Australia has ‘been at net zero for a long time’: Ian Plimer

Geologist Ian Plimer argues Australia is already at net zero because the nation’s wealth of vegetation sequesters more carbon dioxide than the output of the population.

“We’ve been at net zero for a long time because we’re a very, very big country with very few people, we’ve got a huge amount of grasslands and forests,” he told Sky News Australia.

“If we look at the amount of carbon dioxide that we emit every year in this country, it’s about 417 million tonnes.

“Those grasslands and forests suck up 940 million tonnes per annum, so we’re already there, and then when you put the continental shelf of Australia around it, and that’s only 2.5 million square kilometers, we actually sequester five times as much carbon dioxide as we issue.”

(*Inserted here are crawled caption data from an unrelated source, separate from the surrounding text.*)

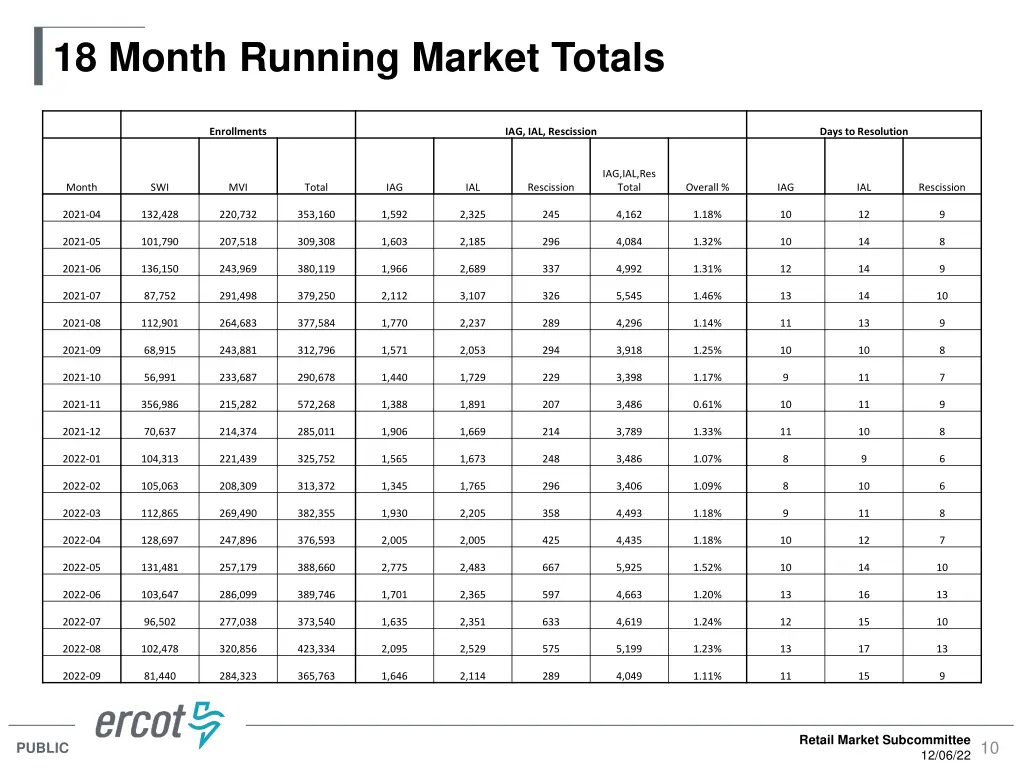 18 month running market totals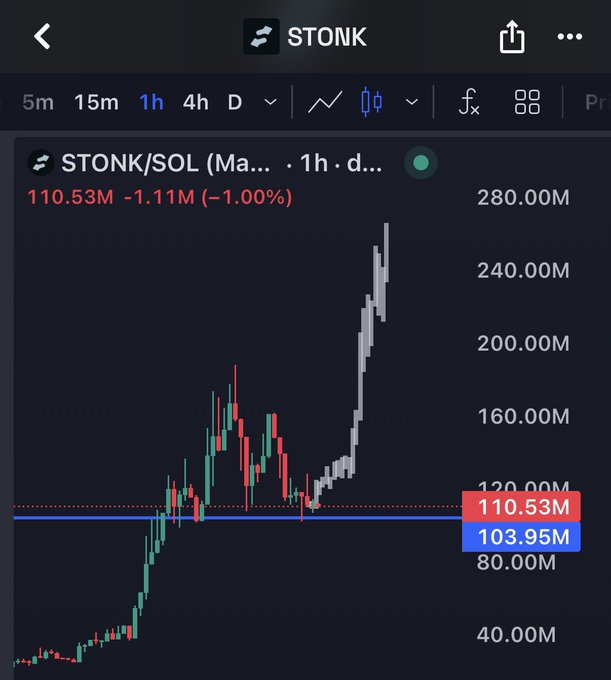 The image shows a TradingView 1-hour chart for STONK/SOL on a DEX, currently at 110.53M after a -1.00% decline (1.11M), with a recent volatile rally peaking near 280M followed by a pullback toward the highlighted support zone around 103.95M–110.53M.

The chart visually contradicts the post's "$200M buy" callout — the price is consolidating well below $200M, sitting roughly half of that level, suggesting the suggested entry has not yet been reached.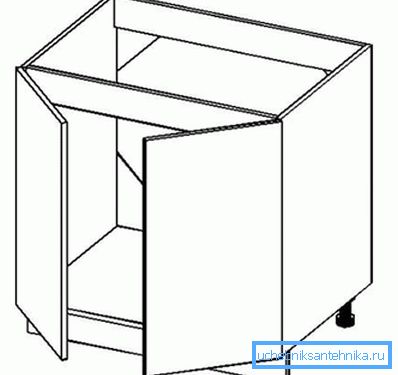 Lavabo altında eskiz dolapları. Lavabo altında eskiz dolapları.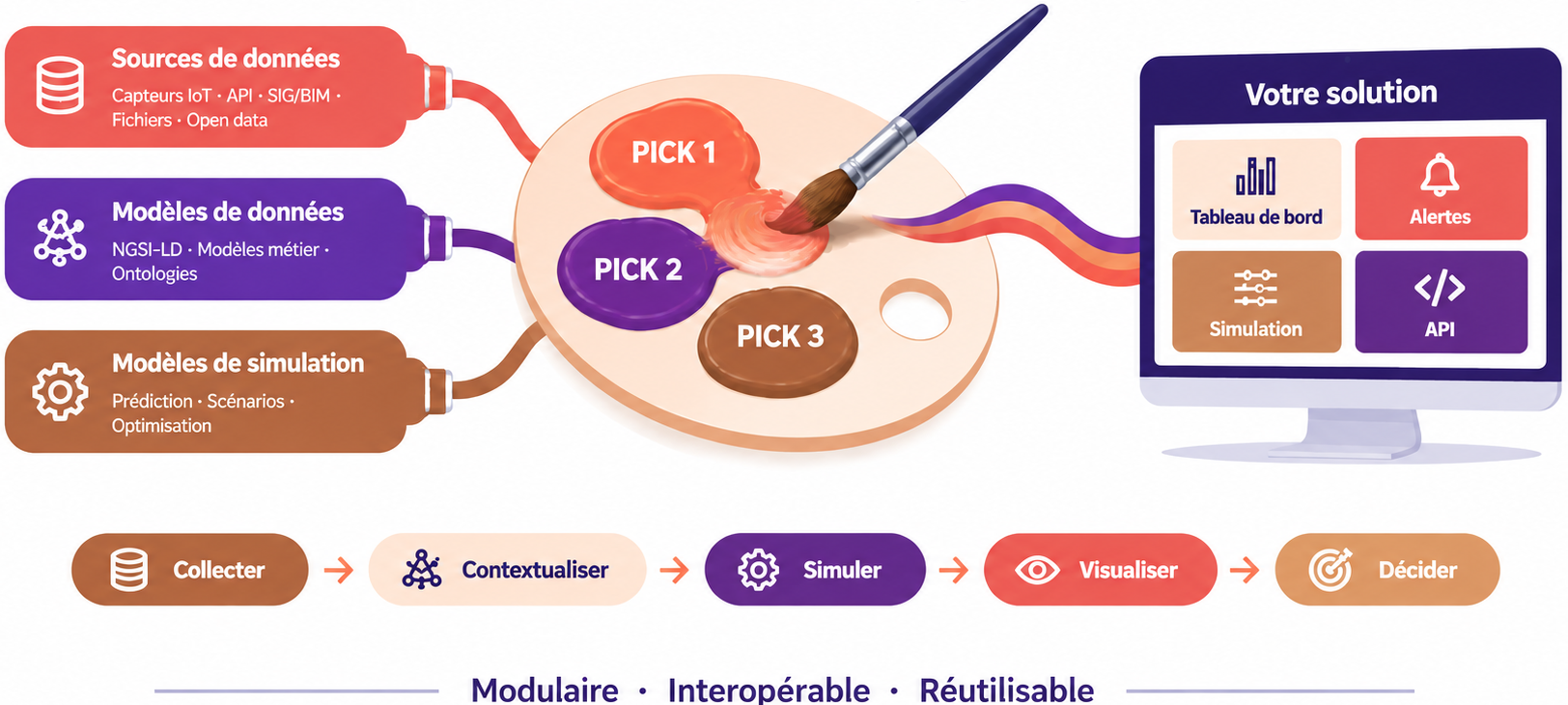 Twin·Picks contrasted brand palette FR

Mr Plimer said Australia’s emissions situation wasn’t being recognized because it doesn’t “fit the narrative”.

“In this country, we do emit a lot of carbon dioxide per person, it’s about 20 tonnes per person per annum, and that’s because we do the heavy lifting for the rest of the world,” he said.

“If you do the sums, for our 7.6 million square kilometers in this country, we absorb more than we emit.”

According to the Department of Industry, Australia’s emissions in 2020 were 499 million tonnes, a 5 percent decrease in 2019.